▼▼▼

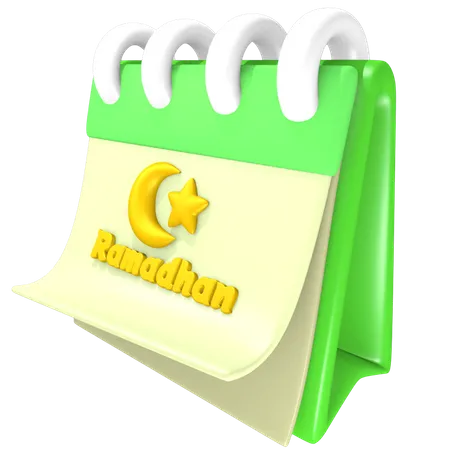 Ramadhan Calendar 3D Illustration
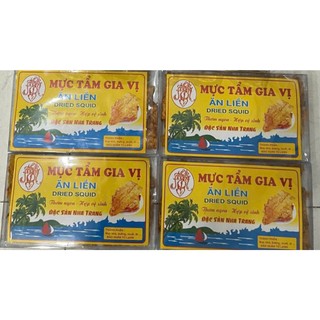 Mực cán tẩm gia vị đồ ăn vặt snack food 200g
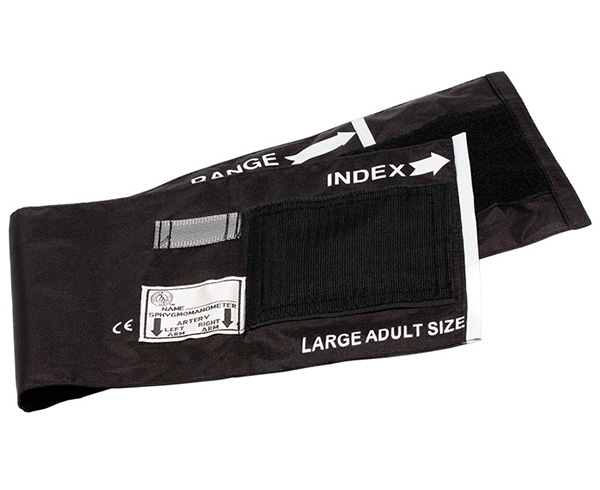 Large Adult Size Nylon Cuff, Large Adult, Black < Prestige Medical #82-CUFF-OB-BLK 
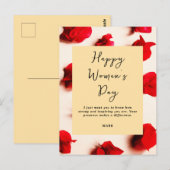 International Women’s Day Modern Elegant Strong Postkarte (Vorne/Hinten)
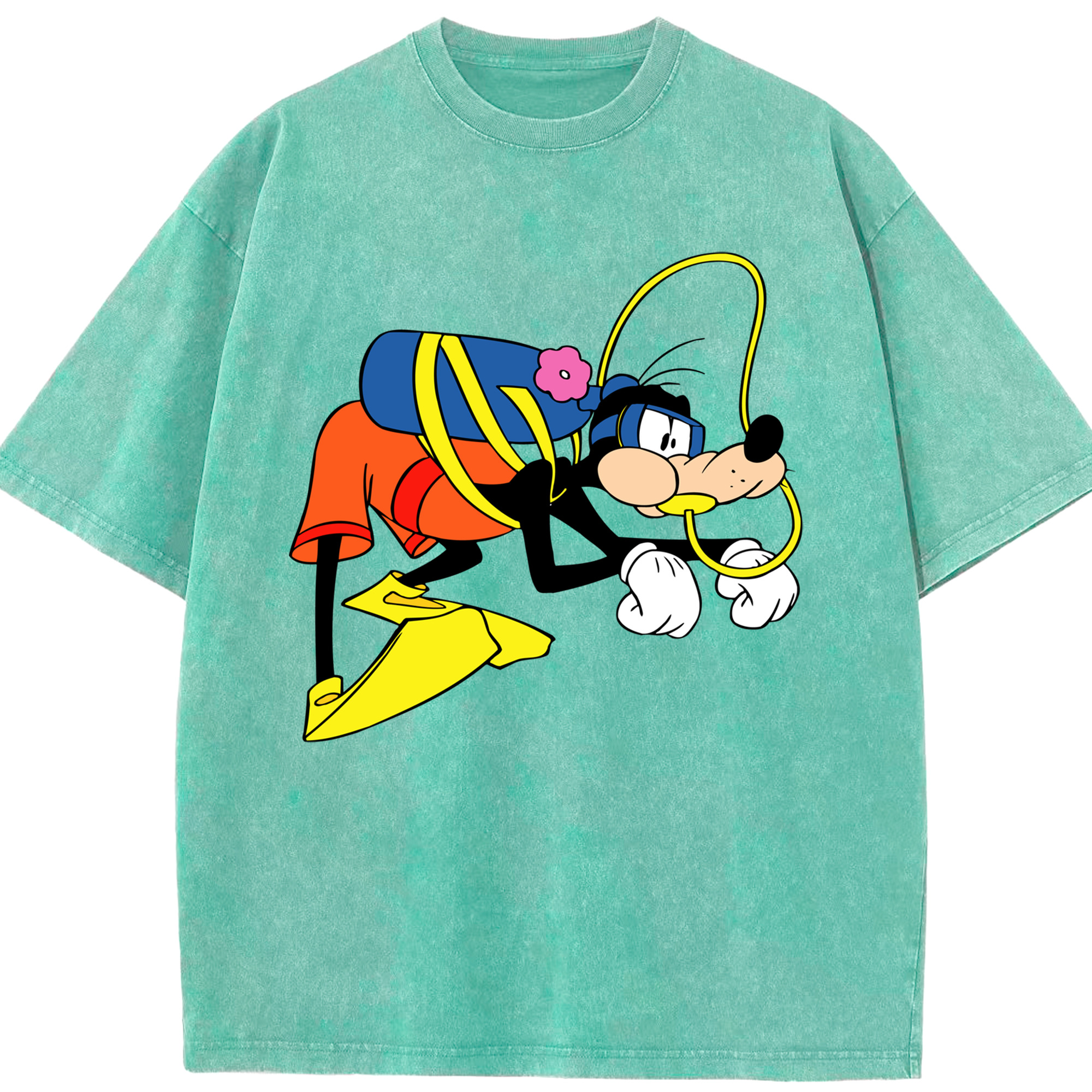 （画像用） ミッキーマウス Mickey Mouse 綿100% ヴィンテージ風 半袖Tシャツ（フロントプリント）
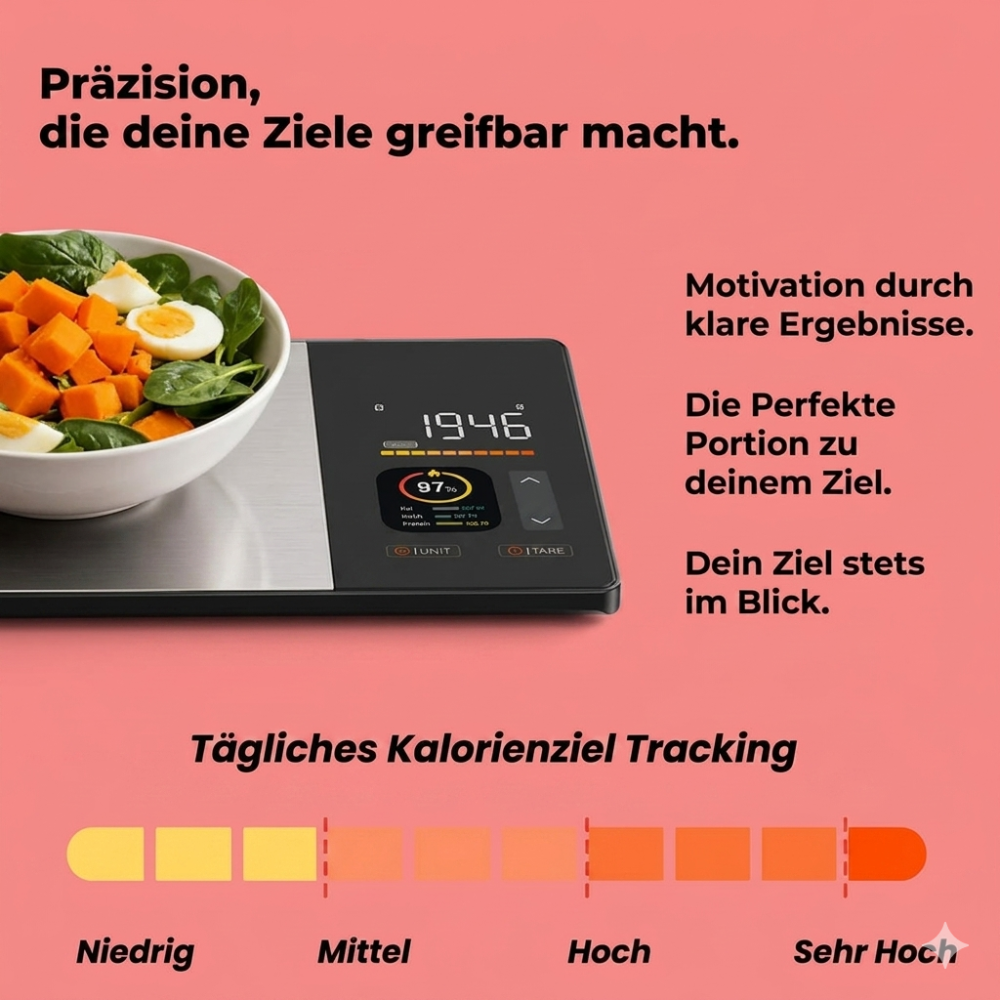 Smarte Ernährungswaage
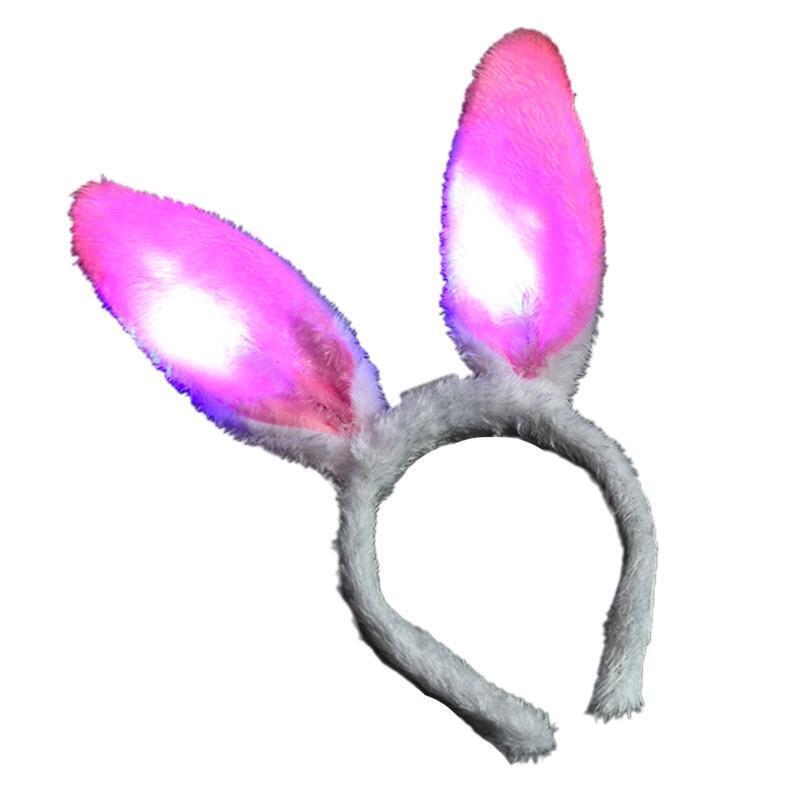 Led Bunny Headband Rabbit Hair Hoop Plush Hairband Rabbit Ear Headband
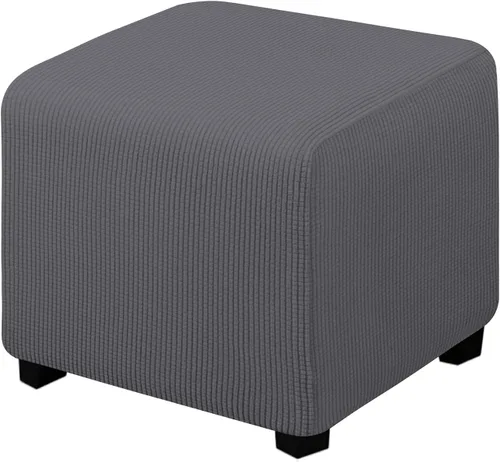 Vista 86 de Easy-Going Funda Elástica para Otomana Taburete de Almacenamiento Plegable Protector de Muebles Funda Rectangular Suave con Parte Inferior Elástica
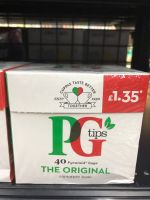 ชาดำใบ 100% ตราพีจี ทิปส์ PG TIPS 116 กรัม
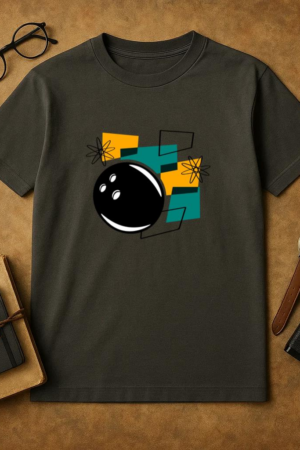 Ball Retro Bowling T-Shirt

▲▲▲
▼▼▼

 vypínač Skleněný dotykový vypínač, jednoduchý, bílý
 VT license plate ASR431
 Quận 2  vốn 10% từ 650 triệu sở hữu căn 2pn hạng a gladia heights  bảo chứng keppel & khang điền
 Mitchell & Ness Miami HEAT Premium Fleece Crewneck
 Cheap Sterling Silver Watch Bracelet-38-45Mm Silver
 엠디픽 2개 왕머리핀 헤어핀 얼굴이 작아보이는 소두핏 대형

▲▲▲

■ EXERCISE BRIEF: Copy the entries above exactly, but only the stretch from the line containing "Ramadhan Calendar 3D Illustration" through the line containing "Smarte Ernährungswaage". Keep both end lines; drop the pictures.

■ RESPONSE BOX:
 Ramadhan Calendar 3D Illustration
 Mực cán tẩm gia vị đồ ăn vặt snack food 200g
 Large Adult Size Nylon Cuff, Large Adult, Black < Prestige Medical #82-CUFF-OB-BLK 
 International Women’s Day Modern Elegant Strong Postkarte (Vorne/Hinten)
 （画像用） ミッキーマウス Mickey Mouse 綿100% ヴィンテージ風 半袖Tシャツ（フロントプリント）
 Smarte Ernährungswaage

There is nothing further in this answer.